**Short web captions**

════════════════

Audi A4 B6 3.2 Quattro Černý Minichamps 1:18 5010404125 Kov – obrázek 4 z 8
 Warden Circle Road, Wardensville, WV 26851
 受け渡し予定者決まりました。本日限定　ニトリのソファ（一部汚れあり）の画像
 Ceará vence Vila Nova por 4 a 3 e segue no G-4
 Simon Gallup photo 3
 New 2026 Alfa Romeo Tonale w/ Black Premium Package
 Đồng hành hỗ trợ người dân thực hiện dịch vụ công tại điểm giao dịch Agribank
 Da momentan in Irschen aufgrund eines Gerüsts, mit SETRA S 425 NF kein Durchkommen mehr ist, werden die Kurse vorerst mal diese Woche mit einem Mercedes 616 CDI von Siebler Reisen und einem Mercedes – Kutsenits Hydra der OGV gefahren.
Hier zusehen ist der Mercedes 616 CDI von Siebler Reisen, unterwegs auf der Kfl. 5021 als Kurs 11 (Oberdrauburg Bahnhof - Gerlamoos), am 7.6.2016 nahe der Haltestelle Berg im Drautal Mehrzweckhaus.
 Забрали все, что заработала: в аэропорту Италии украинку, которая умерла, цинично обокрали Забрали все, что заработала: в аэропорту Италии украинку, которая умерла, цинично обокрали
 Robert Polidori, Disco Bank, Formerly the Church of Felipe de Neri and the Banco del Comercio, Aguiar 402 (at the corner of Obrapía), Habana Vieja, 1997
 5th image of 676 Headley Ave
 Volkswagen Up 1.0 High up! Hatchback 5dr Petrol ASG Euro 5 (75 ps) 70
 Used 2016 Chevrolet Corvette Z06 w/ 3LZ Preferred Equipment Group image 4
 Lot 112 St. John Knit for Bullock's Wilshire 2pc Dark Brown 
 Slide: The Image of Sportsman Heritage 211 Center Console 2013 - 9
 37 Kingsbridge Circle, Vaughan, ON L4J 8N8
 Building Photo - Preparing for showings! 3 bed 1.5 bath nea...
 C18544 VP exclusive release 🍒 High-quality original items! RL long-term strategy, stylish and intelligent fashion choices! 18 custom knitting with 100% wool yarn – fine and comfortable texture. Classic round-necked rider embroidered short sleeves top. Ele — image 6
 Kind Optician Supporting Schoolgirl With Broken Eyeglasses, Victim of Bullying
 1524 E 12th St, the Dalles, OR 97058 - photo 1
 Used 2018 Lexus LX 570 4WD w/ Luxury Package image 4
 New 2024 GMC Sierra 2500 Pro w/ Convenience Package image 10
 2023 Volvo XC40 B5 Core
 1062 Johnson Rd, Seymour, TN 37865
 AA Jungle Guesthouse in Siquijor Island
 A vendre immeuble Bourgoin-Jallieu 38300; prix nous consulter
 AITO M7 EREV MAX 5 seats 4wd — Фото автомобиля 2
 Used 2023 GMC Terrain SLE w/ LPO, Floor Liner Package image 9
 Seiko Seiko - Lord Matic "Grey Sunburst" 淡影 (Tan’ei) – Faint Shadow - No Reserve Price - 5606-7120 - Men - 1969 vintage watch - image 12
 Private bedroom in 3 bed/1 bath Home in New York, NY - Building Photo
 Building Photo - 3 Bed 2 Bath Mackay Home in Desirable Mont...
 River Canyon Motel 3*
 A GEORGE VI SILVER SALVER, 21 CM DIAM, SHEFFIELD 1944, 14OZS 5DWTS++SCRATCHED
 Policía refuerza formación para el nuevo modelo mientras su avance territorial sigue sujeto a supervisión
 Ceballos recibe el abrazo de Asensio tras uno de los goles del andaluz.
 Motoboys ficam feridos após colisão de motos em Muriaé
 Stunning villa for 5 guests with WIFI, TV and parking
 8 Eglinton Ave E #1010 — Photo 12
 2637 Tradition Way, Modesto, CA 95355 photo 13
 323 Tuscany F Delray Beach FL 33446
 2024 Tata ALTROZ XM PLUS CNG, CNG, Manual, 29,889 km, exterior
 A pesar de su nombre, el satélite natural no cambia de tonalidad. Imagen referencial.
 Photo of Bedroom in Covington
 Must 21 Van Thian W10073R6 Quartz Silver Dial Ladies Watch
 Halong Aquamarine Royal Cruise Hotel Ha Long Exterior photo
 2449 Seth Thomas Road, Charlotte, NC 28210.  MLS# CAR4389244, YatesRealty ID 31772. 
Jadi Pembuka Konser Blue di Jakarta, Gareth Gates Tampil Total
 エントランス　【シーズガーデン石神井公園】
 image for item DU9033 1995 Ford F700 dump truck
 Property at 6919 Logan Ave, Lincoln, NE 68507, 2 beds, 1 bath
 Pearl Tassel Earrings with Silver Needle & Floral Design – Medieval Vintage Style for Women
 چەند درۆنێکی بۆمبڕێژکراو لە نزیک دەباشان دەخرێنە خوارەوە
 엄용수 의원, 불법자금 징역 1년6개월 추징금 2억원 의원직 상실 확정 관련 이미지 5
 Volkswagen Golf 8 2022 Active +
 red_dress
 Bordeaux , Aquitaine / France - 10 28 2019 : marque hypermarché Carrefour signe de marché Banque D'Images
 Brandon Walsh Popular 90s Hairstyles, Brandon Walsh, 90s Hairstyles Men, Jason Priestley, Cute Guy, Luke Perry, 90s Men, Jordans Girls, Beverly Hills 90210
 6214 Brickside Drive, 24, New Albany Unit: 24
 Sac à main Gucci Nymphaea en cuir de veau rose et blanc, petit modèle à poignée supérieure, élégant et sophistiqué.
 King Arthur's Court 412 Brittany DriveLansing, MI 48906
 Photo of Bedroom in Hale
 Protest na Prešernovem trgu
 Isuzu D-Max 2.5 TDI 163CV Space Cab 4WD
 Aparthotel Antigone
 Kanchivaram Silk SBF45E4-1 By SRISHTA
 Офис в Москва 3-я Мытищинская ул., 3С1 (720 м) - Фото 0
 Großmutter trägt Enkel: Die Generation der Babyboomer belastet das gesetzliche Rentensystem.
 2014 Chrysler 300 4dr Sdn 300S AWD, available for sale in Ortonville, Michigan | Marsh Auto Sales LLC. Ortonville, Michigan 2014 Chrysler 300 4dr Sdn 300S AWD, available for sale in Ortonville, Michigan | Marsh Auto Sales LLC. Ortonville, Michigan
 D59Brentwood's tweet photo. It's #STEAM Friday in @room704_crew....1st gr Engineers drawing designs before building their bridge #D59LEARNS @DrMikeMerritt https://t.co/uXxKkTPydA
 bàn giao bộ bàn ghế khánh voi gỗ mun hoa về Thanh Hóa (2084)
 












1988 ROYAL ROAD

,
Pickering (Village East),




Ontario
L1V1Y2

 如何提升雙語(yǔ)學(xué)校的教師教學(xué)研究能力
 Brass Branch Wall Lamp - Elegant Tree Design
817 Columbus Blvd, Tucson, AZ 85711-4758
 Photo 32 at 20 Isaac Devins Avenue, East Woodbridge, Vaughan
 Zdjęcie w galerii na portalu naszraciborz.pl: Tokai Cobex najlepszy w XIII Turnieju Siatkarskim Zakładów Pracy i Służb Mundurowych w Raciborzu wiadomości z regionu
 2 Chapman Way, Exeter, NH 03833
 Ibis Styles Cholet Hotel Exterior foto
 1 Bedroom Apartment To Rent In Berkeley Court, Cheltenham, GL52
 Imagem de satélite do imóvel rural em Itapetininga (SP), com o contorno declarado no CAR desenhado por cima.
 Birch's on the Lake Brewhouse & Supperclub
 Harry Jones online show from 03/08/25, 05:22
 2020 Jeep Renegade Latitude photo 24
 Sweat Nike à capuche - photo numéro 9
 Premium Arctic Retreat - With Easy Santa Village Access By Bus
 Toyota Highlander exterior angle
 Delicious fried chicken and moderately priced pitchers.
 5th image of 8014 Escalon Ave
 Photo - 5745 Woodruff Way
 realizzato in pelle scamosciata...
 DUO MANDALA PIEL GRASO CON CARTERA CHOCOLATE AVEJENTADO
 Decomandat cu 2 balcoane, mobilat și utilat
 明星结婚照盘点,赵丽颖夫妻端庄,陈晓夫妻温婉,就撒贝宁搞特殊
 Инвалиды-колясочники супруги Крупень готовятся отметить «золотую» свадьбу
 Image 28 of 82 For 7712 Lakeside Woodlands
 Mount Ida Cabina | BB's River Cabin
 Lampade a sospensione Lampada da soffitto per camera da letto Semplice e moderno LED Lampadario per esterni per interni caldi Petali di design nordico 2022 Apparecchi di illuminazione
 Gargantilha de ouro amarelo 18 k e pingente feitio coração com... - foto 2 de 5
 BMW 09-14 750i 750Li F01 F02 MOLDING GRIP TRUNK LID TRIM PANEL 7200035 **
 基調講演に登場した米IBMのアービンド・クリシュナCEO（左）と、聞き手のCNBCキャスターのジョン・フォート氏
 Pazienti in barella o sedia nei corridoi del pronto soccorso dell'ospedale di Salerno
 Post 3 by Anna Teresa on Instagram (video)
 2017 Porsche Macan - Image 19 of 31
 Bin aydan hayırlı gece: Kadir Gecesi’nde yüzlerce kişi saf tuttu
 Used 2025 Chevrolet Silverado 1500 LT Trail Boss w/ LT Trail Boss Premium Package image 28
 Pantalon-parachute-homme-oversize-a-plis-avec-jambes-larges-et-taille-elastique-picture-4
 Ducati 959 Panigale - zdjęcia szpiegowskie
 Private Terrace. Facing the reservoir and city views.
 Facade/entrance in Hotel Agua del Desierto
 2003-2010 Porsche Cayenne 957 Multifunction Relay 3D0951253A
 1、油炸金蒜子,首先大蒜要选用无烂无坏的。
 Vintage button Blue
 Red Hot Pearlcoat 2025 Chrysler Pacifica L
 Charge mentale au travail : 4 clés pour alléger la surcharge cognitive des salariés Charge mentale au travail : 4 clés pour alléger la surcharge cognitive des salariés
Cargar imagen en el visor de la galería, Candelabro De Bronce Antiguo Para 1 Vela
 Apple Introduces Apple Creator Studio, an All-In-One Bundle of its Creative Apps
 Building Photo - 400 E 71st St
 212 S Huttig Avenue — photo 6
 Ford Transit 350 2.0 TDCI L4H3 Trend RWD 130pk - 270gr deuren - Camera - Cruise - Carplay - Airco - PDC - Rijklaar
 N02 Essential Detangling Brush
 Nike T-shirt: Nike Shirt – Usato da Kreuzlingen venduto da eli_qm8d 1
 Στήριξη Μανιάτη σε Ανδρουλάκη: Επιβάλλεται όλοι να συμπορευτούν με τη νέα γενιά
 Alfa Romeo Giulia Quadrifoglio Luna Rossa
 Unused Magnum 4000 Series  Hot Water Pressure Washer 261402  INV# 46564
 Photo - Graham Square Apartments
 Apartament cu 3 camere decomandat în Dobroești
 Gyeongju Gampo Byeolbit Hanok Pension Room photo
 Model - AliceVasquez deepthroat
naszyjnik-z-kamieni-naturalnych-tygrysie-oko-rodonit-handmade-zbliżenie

════════════════

**What to do**
Return, line for line and unchanged, the data from its first line through the line containing "Building Photo - Preparing".

**Answer space**
Audi A4 B6 3.2 Quattro Černý Minichamps 1:18 5010404125 Kov – obrázek 4 z 8
 Warden Circle Road, Wardensville, WV 26851
 受け渡し予定者決まりました。本日限定　ニトリのソファ（一部汚れあり）の画像
 Ceará vence Vila Nova por 4 a 3 e segue no G-4
 Simon Gallup photo 3
 New 2026 Alfa Romeo Tonale w/ Black Premium Package
 Đồng hành hỗ trợ người dân thực hiện dịch vụ công tại điểm giao dịch Agribank
 Da momentan in Irschen aufgrund eines Gerüsts, mit SETRA S 425 NF kein Durchkommen mehr ist, werden die Kurse vorerst mal diese Woche mit einem Mercedes 616 CDI von Siebler Reisen und einem Mercedes – Kutsenits Hydra der OGV gefahren.
Hier zusehen ist der Mercedes 616 CDI von Siebler Reisen, unterwegs auf der Kfl. 5021 als Kurs 11 (Oberdrauburg Bahnhof - Gerlamoos), am 7.6.2016 nahe der Haltestelle Berg im Drautal Mehrzweckhaus.
 Забрали все, что заработала: в аэропорту Италии украинку, которая умерла, цинично обокрали Забрали все, что заработала: в аэропорту Италии украинку, которая умерла, цинично обокрали
 Robert Polidori, Disco Bank, Formerly the Church of Felipe de Neri and the Banco del Comercio, Aguiar 402 (at the corner of Obrapía), Habana Vieja, 1997
 5th image of 676 Headley Ave
 Volkswagen Up 1.0 High up! Hatchback 5dr Petrol ASG Euro 5 (75 ps) 70
 Used 2016 Chevrolet Corvette Z06 w/ 3LZ Preferred Equipment Group image 4
 Lot 112 St. John Knit for Bullock's Wilshire 2pc Dark Brown 
 Slide: The Image of Sportsman Heritage 211 Center Console 2013 - 9
 37 Kingsbridge Circle, Vaughan, ON L4J 8N8
 Building Photo - Preparing for showings! 3 bed 1.5 bath nea...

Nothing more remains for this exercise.